TASK BRIEF
With the pictures left out, repeat every entry that follows exactly.

+---+

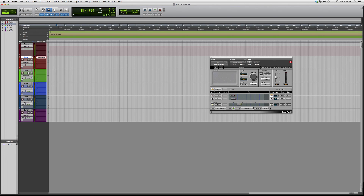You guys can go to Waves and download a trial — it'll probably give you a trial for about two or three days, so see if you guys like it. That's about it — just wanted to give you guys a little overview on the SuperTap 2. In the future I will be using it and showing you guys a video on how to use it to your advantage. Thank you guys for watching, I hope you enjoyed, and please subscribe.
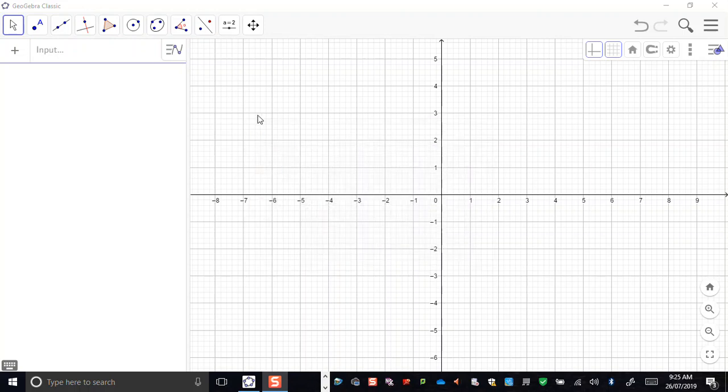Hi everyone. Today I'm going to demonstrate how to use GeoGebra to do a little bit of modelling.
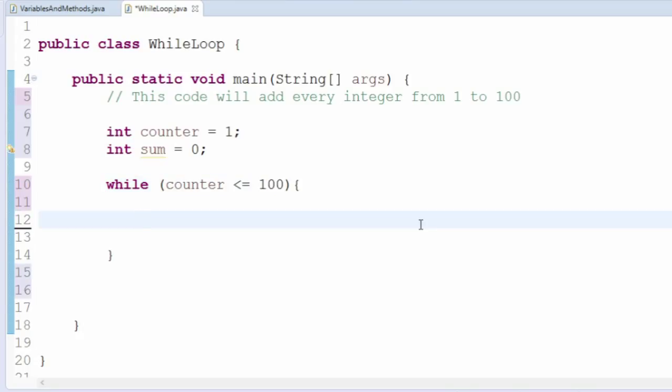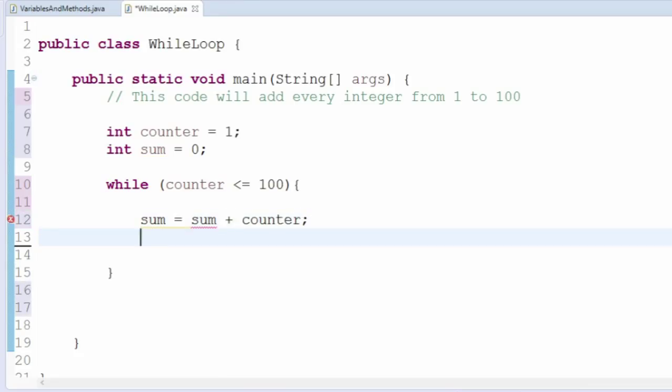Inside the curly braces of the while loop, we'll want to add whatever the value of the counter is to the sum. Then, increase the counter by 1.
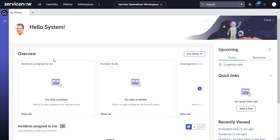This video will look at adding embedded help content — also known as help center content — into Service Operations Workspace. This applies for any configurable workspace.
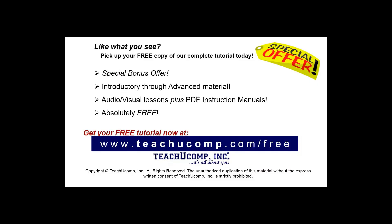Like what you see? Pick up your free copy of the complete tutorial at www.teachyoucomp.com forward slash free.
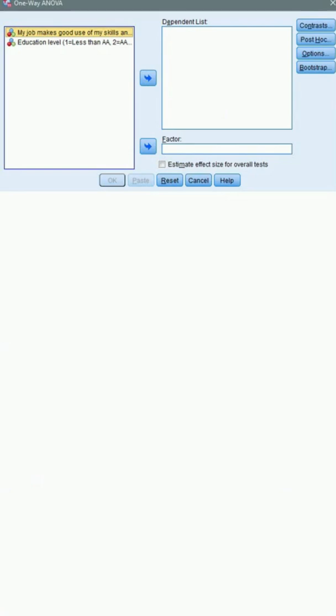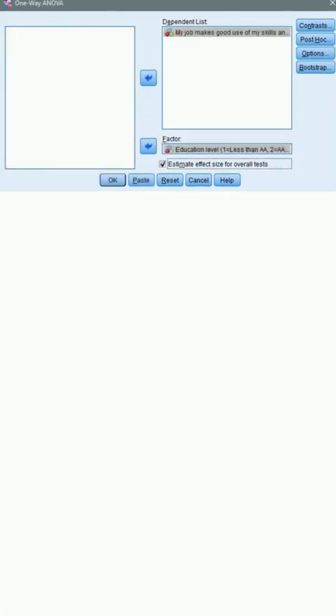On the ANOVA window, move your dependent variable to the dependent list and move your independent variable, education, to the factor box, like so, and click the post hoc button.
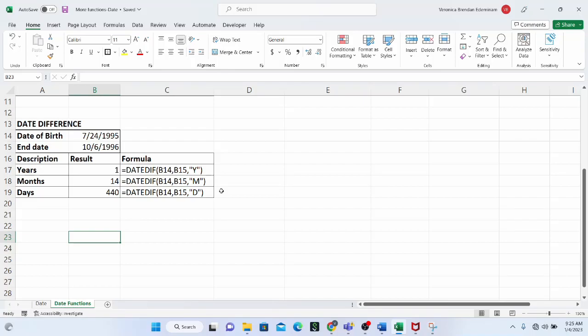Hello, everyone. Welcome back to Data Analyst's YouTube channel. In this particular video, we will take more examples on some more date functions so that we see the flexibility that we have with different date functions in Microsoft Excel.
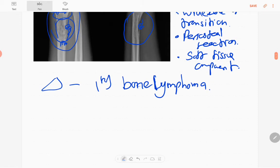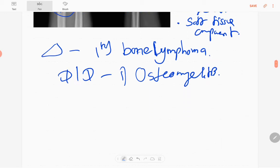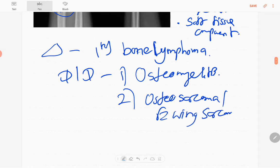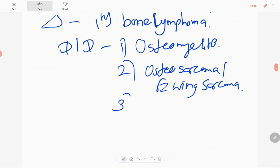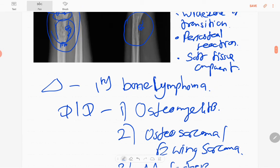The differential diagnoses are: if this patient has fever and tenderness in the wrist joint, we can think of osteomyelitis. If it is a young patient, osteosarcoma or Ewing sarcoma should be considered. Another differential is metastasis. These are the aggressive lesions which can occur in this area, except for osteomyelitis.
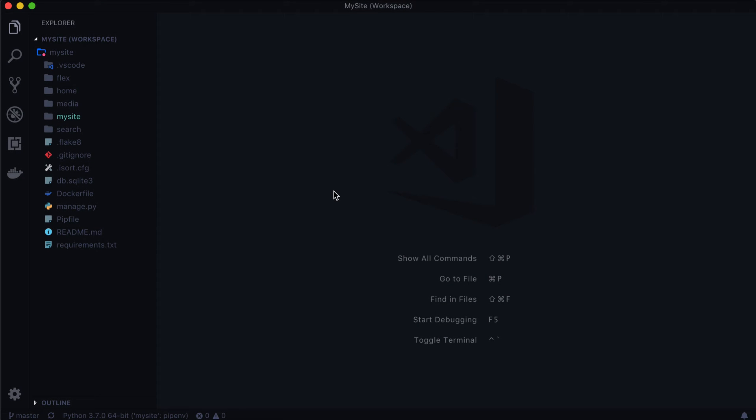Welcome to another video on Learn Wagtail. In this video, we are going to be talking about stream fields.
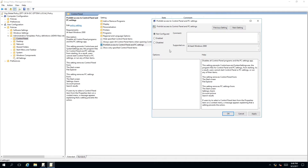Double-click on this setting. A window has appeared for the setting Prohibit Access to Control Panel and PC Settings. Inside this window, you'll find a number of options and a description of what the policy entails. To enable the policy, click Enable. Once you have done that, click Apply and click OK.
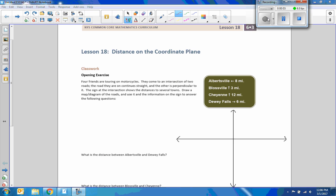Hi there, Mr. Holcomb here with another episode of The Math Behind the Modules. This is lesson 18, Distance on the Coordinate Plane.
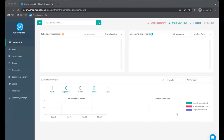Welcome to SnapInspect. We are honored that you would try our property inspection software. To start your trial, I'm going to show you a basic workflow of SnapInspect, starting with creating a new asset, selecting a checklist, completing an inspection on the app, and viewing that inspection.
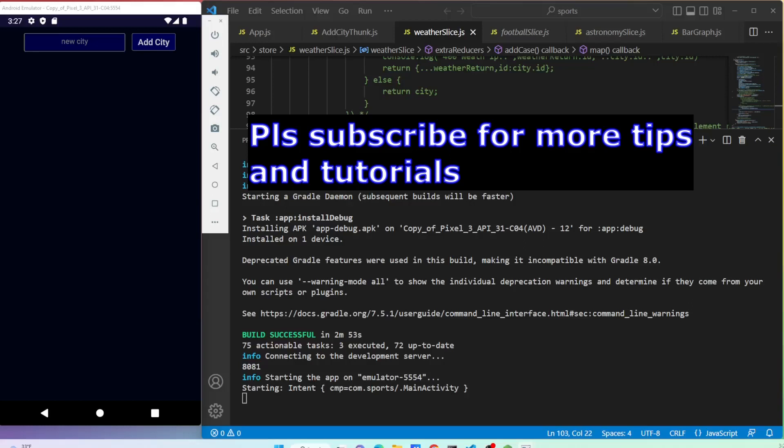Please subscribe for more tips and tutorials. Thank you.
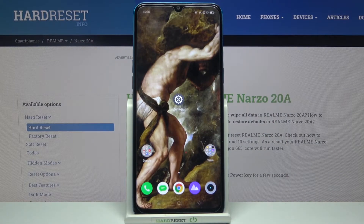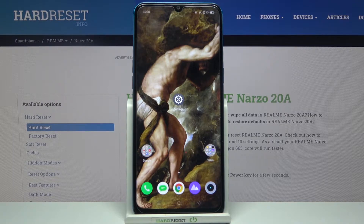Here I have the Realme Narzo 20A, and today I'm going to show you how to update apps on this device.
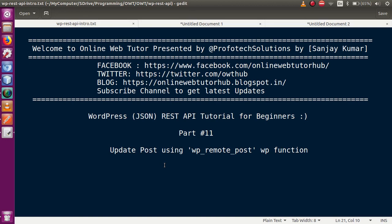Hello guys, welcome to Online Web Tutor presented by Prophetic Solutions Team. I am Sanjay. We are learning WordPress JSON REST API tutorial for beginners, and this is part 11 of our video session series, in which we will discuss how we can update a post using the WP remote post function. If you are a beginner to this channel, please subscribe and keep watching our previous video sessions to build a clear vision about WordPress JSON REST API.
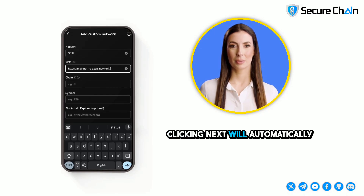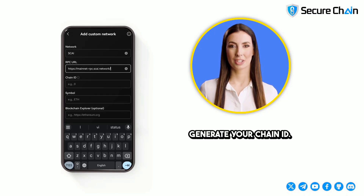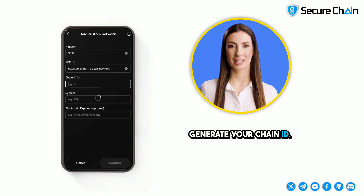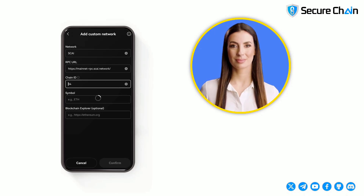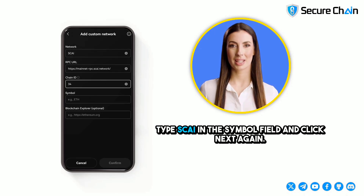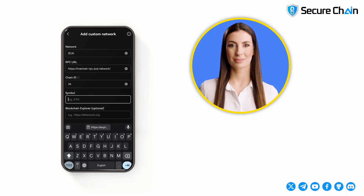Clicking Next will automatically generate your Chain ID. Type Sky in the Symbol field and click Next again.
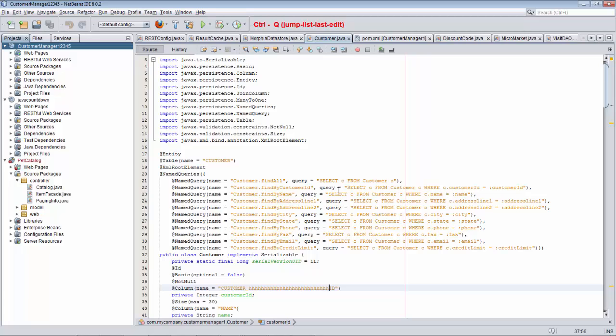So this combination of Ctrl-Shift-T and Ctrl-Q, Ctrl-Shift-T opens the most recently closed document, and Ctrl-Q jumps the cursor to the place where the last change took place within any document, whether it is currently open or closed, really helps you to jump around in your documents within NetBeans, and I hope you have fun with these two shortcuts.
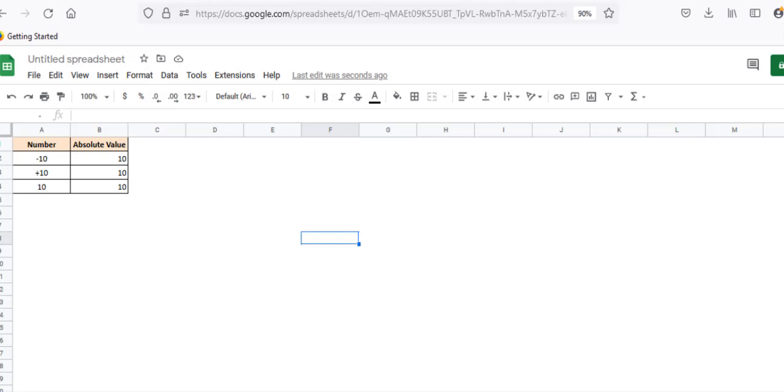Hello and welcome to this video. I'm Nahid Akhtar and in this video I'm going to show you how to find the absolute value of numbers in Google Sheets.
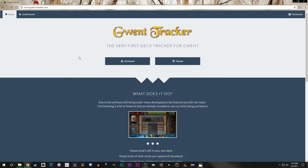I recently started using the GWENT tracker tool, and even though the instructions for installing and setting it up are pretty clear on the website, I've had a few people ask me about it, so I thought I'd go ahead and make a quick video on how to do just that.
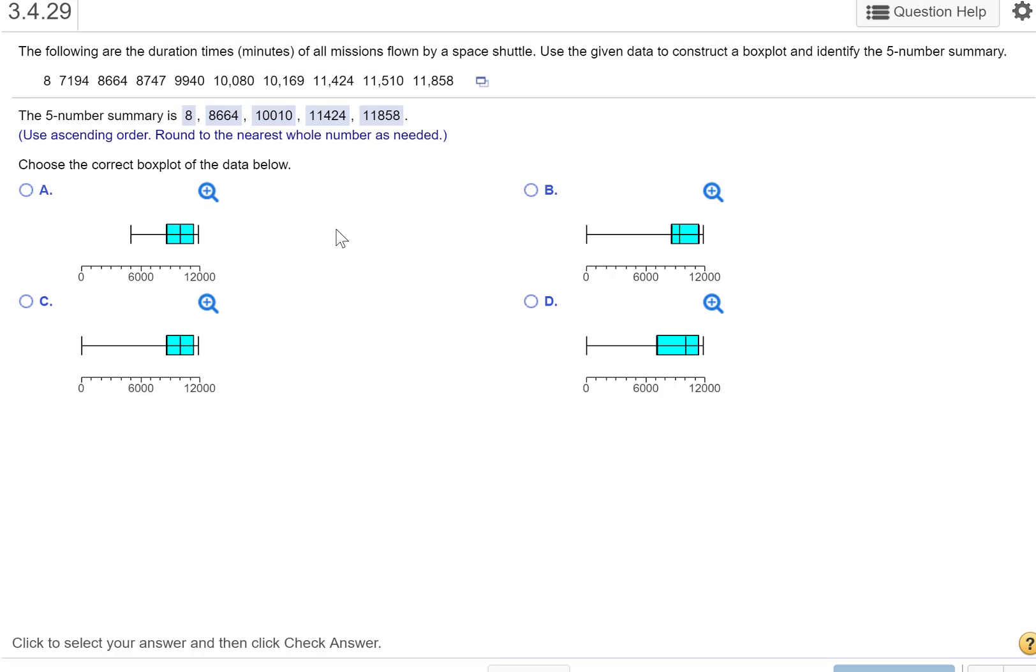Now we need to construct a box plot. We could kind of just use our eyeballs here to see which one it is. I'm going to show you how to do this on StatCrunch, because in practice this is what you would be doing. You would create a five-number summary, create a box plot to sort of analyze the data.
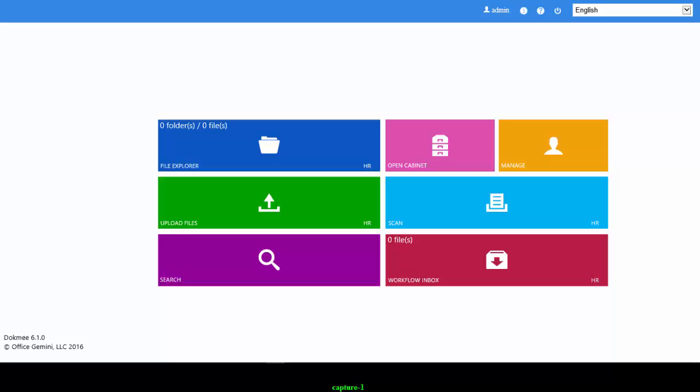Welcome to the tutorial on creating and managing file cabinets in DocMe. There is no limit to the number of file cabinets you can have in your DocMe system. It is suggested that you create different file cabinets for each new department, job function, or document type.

+---+

TASK RESPONSE
You guys can go to Waves and download a trial — it'll probably give you a trial for about two or three days, so see if you guys like it. That's about it — just wanted to give you guys a little overview on the SuperTap 2. In the future I will be using it and showing you guys a video on how to use it to your advantage. Thank you guys for watching, I hope you enjoyed, and please subscribe.
Hi everyone. Today I'm going to demonstrate how to use GeoGebra to do a little bit of modelling.
Inside the curly braces of the while loop, we'll want to add whatever the value of the counter is to the sum. Then, increase the counter by 1.
This video will look at adding embedded help content — also known as help center content — into Service Operations Workspace. This applies for any configurable workspace.
Like what you see? Pick up your free copy of the complete tutorial at www.teachyoucomp.com forward slash free.
On the ANOVA window, move your dependent variable to the dependent list and move your independent variable, education, to the factor box, like so, and click the post hoc button.
Hello, everyone. Welcome back to Data Analyst's YouTube channel. In this particular video, we will take more examples on some more date functions so that we see the flexibility that we have with different date functions in Microsoft Excel.
The differential diagnoses are: if this patient has fever and tenderness in the wrist joint, we can think of osteomyelitis. If it is a young patient, osteosarcoma or Ewing sarcoma should be considered. Another differential is metastasis. These are the aggressive lesions which can occur in this area, except for osteomyelitis.
Welcome to another video on Learn Wagtail. In this video, we are going to be talking about stream fields.
Double-click on this setting. A window has appeared for the setting Prohibit Access to Control Panel and PC Settings. Inside this window, you'll find a number of options and a description of what the policy entails. To enable the policy, click Enable. Once you have done that, click Apply and click OK.
Hi there, Mr. Holcomb here with another episode of The Math Behind the Modules. This is lesson 18, Distance on the Coordinate Plane.
Welcome to SnapInspect. We are honored that you would try our property inspection software. To start your trial, I'm going to show you a basic workflow of SnapInspect, starting with creating a new asset, selecting a checklist, completing an inspection on the app, and viewing that inspection.
Please subscribe for more tips and tutorials. Thank you.
Here I have the Realme Narzo 20A, and today I'm going to show you how to update apps on this device.
Hello guys, welcome to Online Web Tutor presented by Prophetic Solutions Team. I am Sanjay. We are learning WordPress JSON REST API tutorial for beginners, and this is part 11 of our video session series, in which we will discuss how we can update a post using the WP remote post function. If you are a beginner to this channel, please subscribe and keep watching our previous video sessions to build a clear vision about WordPress JSON REST API.
Clicking Next will automatically generate your Chain ID. Type Sky in the Symbol field and click Next again.
So this combination of Ctrl-Shift-T and Ctrl-Q, Ctrl-Shift-T opens the most recently closed document, and Ctrl-Q jumps the cursor to the place where the last change took place within any document, whether it is currently open or closed, really helps you to jump around in your documents within NetBeans, and I hope you have fun with these two shortcuts.
Hello and welcome to this video. I'm Nahid Akhtar and in this video I'm going to show you how to find the absolute value of numbers in Google Sheets.
I recently started using the GWENT tracker tool, and even though the instructions for installing and setting it up are pretty clear on the website, I've had a few people ask me about it, so I thought I'd go ahead and make a quick video on how to do just that.
Now we need to construct a box plot. We could kind of just use our eyeballs here to see which one it is. I'm going to show you how to do this on StatCrunch, because in practice this is what you would be doing. You would create a five-number summary, create a box plot to sort of analyze the data.
Welcome to the tutorial on creating and managing file cabinets in DocMe. There is no limit to the number of file cabinets you can have in your DocMe system. It is suggested that you create different file cabinets for each new department, job function, or document type.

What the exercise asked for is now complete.